Так мы сидели втроем под этим столом. Кровь засыхала и делалась липкой. Но воду перекрыли — нигде нельзя было достать воды. Две теплые и темные головки были передо мной; от этого тепла и запаха детских тел из меня лились слезы — с каждым поцелуем все сильнее; так мы сидели до темноты, пока не приехал мой сын с женою; они отвезли нас в северный город.
без снов
Я так соскучилась по ней.
Именно в этом доме мне кажется, что она сейчас войдет. Вот висит ее курточка и пахнет ею. Вот ее лампа — это с кухни — в голубых клеенчатых полосочках. Когда утром, в тех же звуках, в тот же час, из комнаты с печкой выходит другая женщина, я едва сдерживаю крик.
Я так соскучилась.
Мне снилось мое отражение в зеркале — в совершенно другой цветовой гамме — примитивный мажор цветного телевизора. Бледно-синее лицо и — на виске — две ярко-фиолетовые жилки. И я понимаю во сне, что долго не протяну. Я чувствую степень моей разрушенности, и ужасно хочется жить.
Но все мои люди — большая часть — уже на том свете, и мне там будет лучше, хотя многое еще надо искупить.
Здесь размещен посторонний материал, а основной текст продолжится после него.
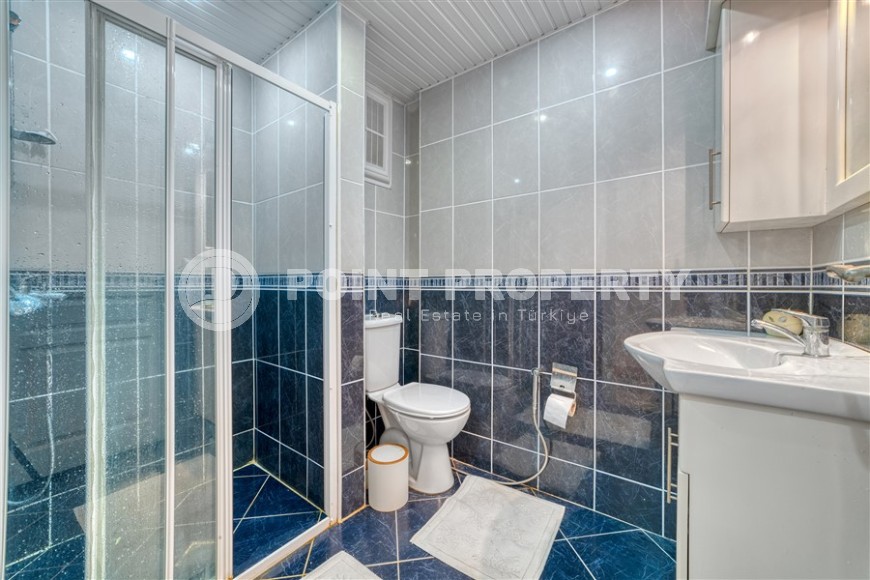 Уютная квартира с видом на море и горы, на 7-м этаже в жилом комплексе 2011 года постройки-id-6581-фото-13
Увязший в снегу автобус Тарковского, внутри снег, снаружи нацарапано:
Мирра
и
Отто.
Я не возражаю, может быть, это «Мир» и «ОТС», а может быть, мое утреннее воображение. Я не возражаю.
Но захотелось вдруг того мира — благо, почти истреблен. Мирра Липкина, гешефт с шубой, бикицер; Бабушка: Да, Лаз Борищщ, да. Вы уверены? Безусловно. Безусловно. Да.